- [RECORDS SUPPLIED]:
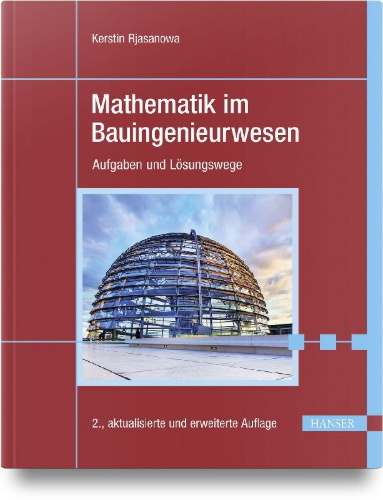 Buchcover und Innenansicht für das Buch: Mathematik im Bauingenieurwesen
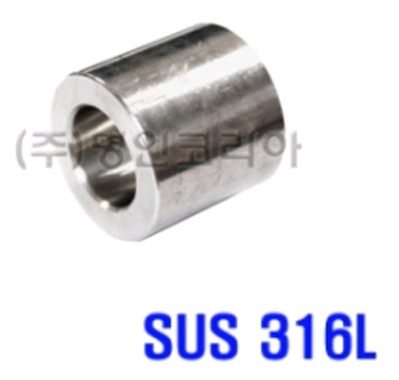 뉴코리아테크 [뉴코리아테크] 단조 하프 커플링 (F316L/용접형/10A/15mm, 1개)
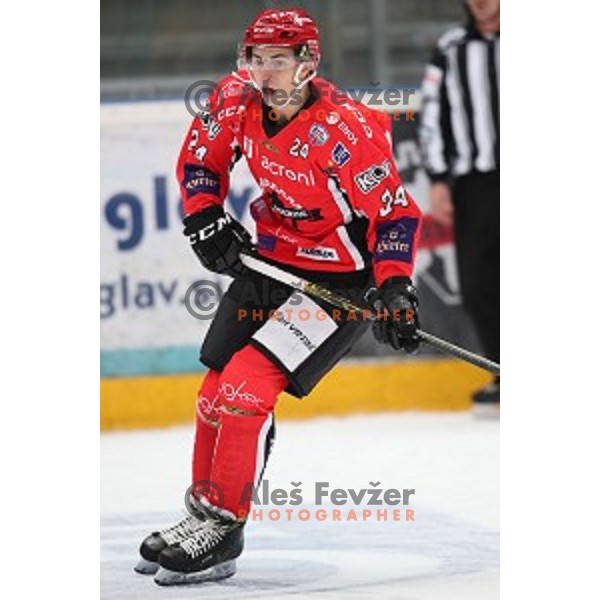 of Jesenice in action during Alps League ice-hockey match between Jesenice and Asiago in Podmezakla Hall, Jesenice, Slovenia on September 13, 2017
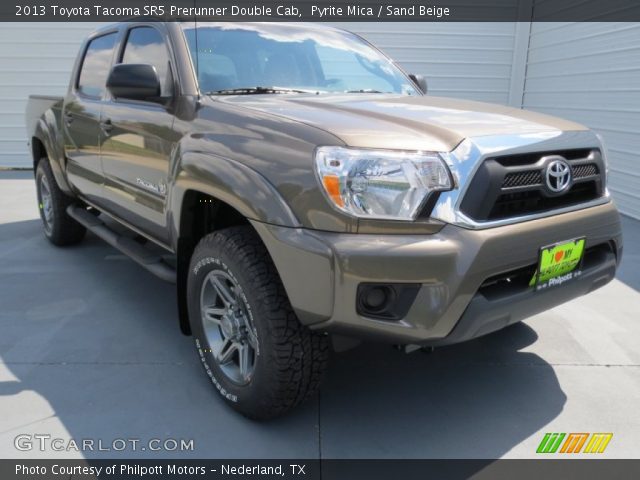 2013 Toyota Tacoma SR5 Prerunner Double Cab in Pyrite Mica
==
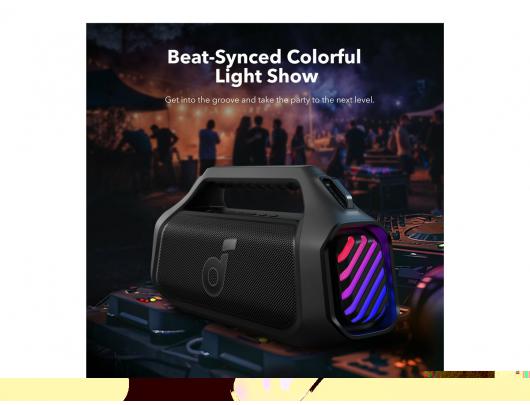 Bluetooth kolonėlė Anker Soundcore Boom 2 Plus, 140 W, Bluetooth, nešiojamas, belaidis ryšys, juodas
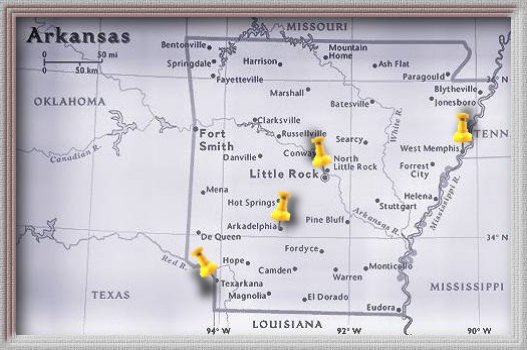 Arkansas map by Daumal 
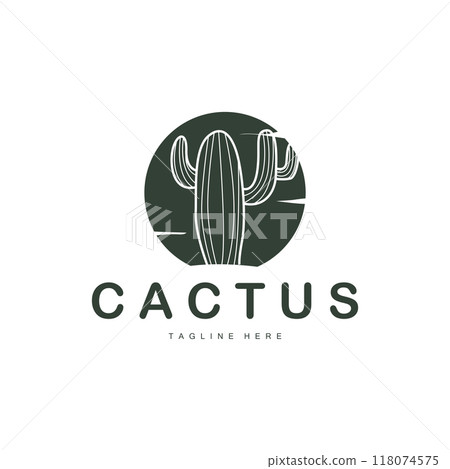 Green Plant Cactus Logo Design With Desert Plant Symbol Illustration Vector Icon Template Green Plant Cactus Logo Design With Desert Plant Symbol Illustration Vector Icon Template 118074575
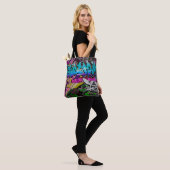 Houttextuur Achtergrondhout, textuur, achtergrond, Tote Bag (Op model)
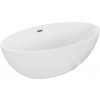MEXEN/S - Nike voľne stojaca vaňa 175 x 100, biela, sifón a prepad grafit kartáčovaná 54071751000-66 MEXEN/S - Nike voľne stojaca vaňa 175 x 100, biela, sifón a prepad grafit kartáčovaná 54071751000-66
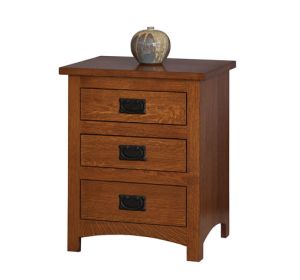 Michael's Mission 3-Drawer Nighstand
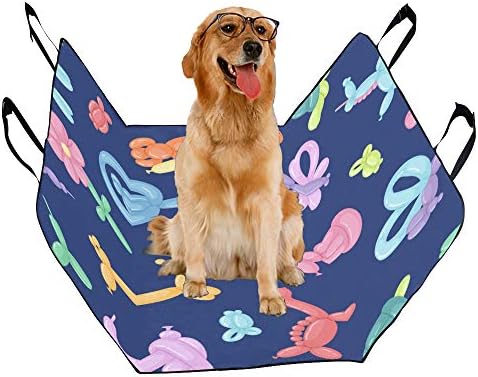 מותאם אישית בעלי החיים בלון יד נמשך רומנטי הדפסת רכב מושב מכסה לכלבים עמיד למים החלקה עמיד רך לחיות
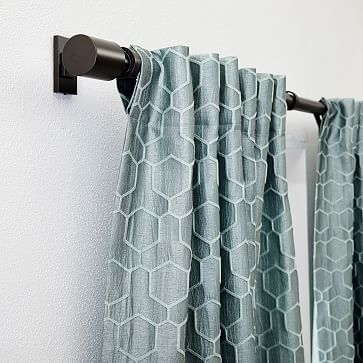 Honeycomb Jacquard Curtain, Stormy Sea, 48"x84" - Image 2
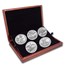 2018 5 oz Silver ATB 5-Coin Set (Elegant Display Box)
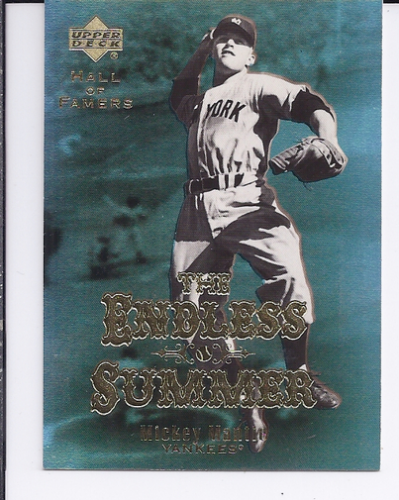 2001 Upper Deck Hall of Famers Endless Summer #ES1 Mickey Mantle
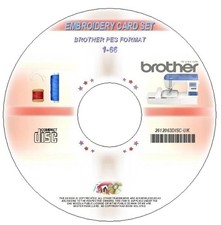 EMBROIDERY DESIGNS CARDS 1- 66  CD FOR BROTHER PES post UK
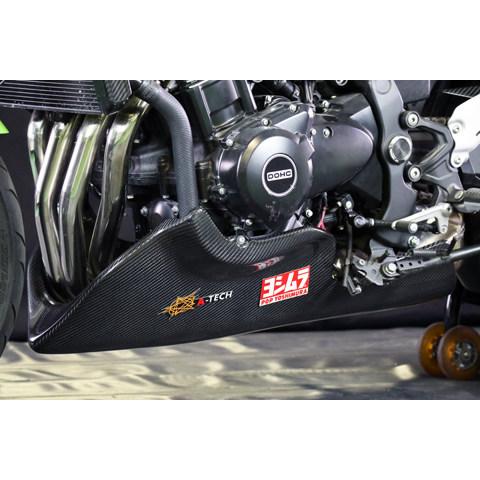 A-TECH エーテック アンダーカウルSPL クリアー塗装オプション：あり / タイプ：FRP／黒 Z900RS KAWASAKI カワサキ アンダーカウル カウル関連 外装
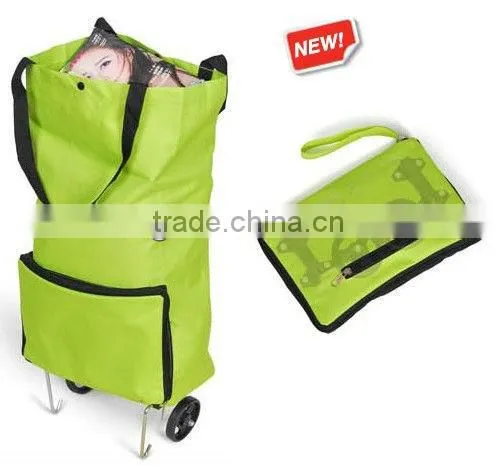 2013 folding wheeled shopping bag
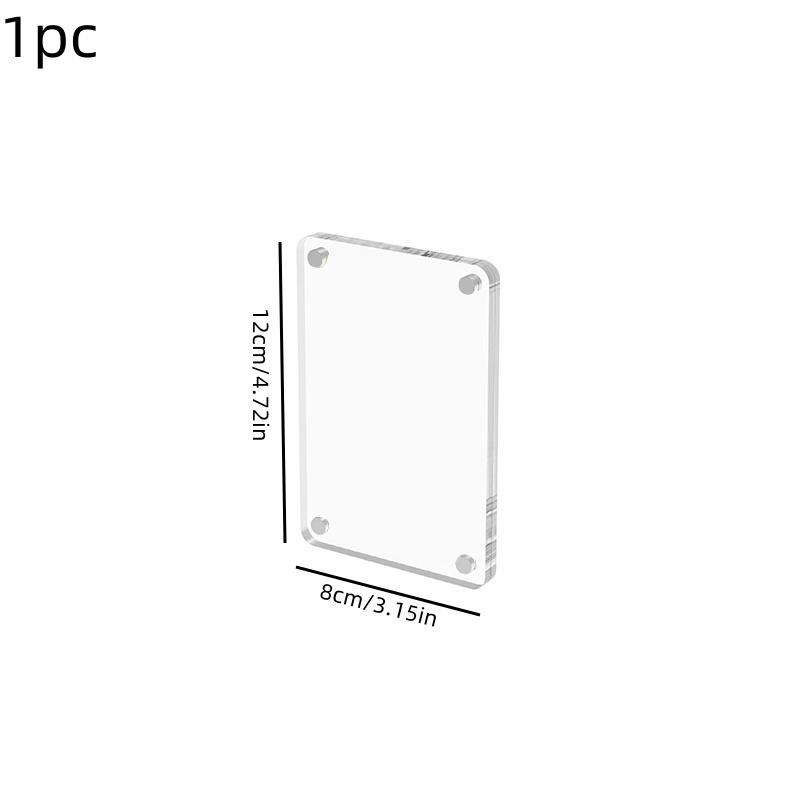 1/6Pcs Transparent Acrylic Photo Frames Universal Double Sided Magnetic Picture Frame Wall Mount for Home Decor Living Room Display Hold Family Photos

- [HOW TO COMPLETE THIS TASK]: Look back at the data above, then output exactly the lines from the line holding "2018 5 oz Silver" up to and including the line holding "2013 folding wheeled shopping bag". Leave out the pictures.

- [RESPONSE AREA]:
 2018 5 oz Silver ATB 5-Coin Set (Elegant Display Box)
 2001 Upper Deck Hall of Famers Endless Summer #ES1 Mickey Mantle
 EMBROIDERY DESIGNS CARDS 1- 66  CD FOR BROTHER PES post UK
 A-TECH エーテック アンダーカウルSPL クリアー塗装オプション：あり / タイプ：FRP／黒 Z900RS KAWASAKI カワサキ アンダーカウル カウル関連 外装
 2013 folding wheeled shopping bag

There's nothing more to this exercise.